Crawled caption data:
····················

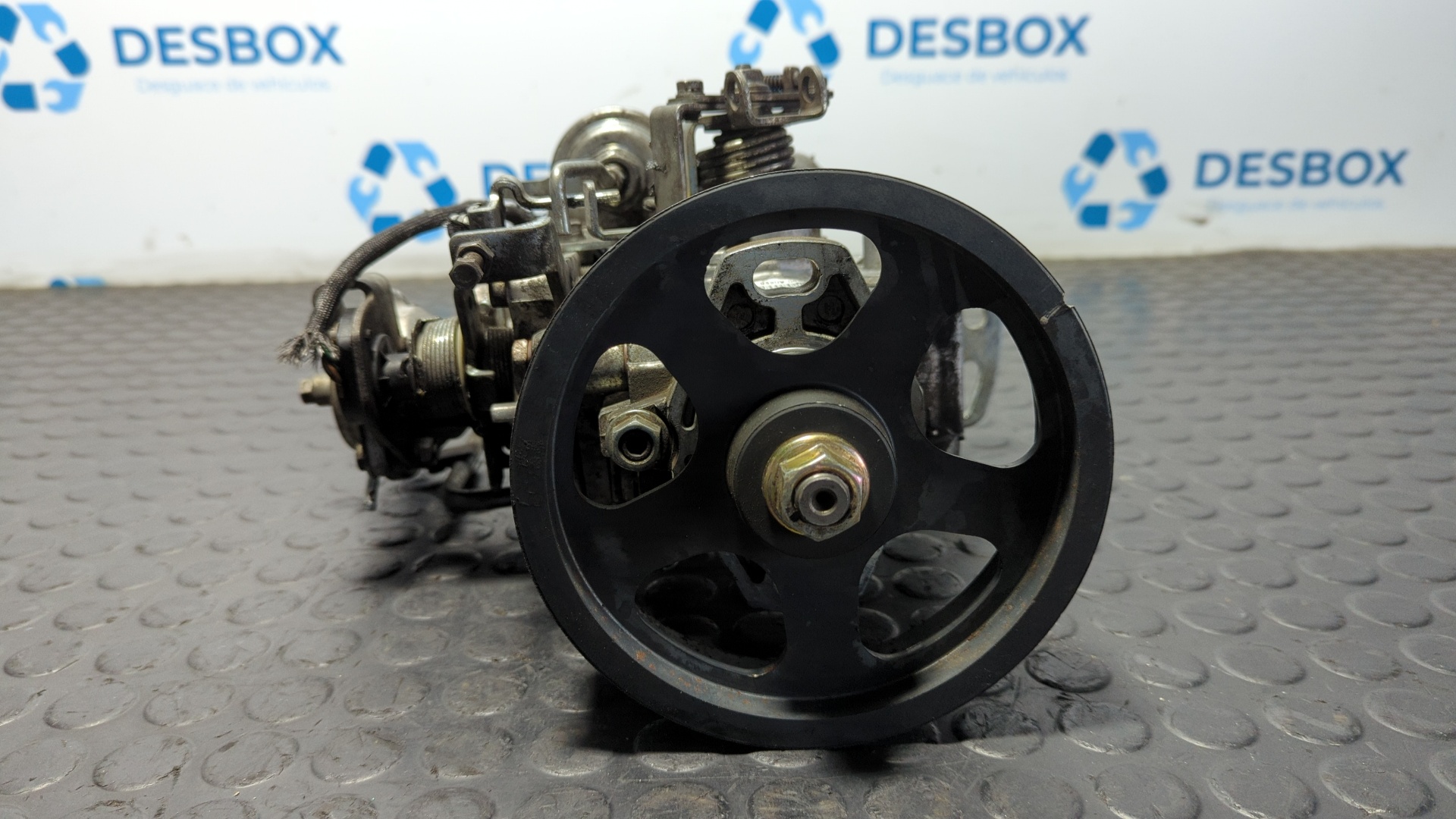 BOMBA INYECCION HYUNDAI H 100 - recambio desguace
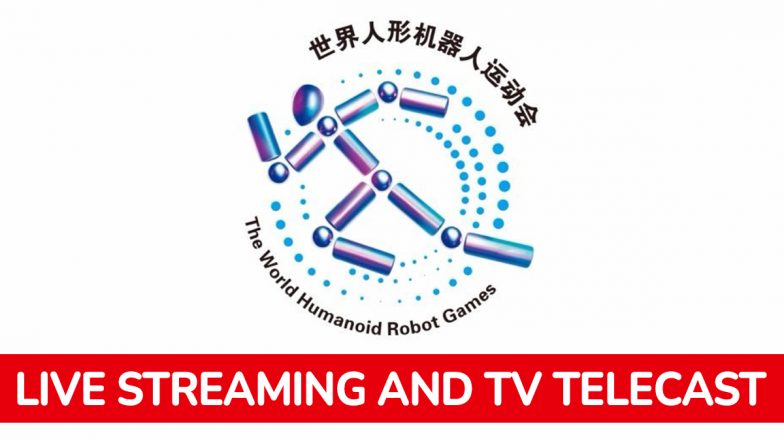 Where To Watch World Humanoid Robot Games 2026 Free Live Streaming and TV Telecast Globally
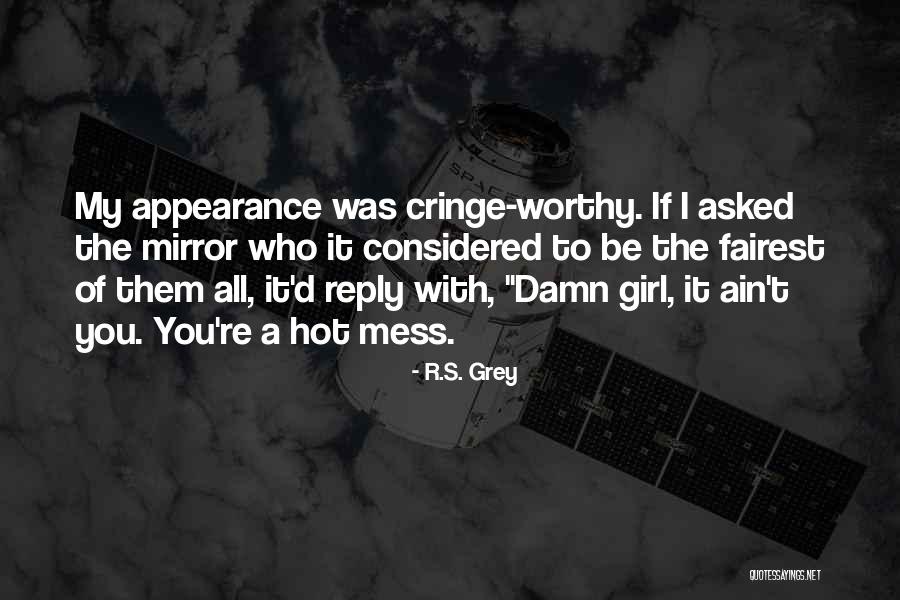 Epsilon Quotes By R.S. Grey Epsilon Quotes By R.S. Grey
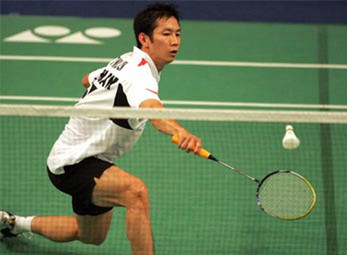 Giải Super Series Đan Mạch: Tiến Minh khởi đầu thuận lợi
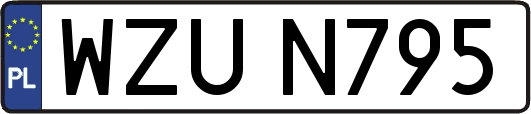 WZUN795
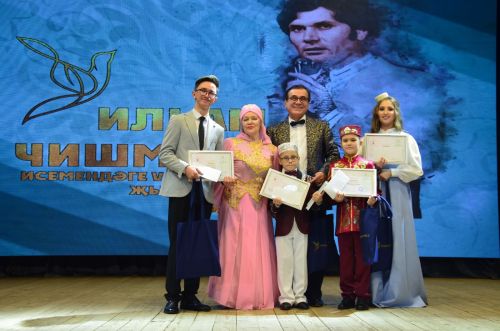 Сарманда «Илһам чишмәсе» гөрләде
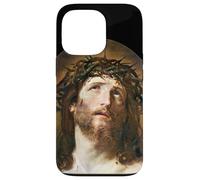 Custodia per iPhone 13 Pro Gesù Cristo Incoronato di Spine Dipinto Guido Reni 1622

····················

Leave out the pictures, then return every line of the data exactly.

§ TASK RESULT
 BOMBA INYECCION HYUNDAI H 100 - recambio desguace
 Where To Watch World Humanoid Robot Games 2026 Free Live Streaming and TV Telecast Globally
 Epsilon Quotes By R.S. Grey Epsilon Quotes By R.S. Grey
 Giải Super Series Đan Mạch: Tiến Minh khởi đầu thuận lợi
 WZUN795
 Сарманда «Илһам чишмәсе» гөрләде
 Custodia per iPhone 13 Pro Gesù Cristo Incoronato di Spine Dipinto Guido Reni 1622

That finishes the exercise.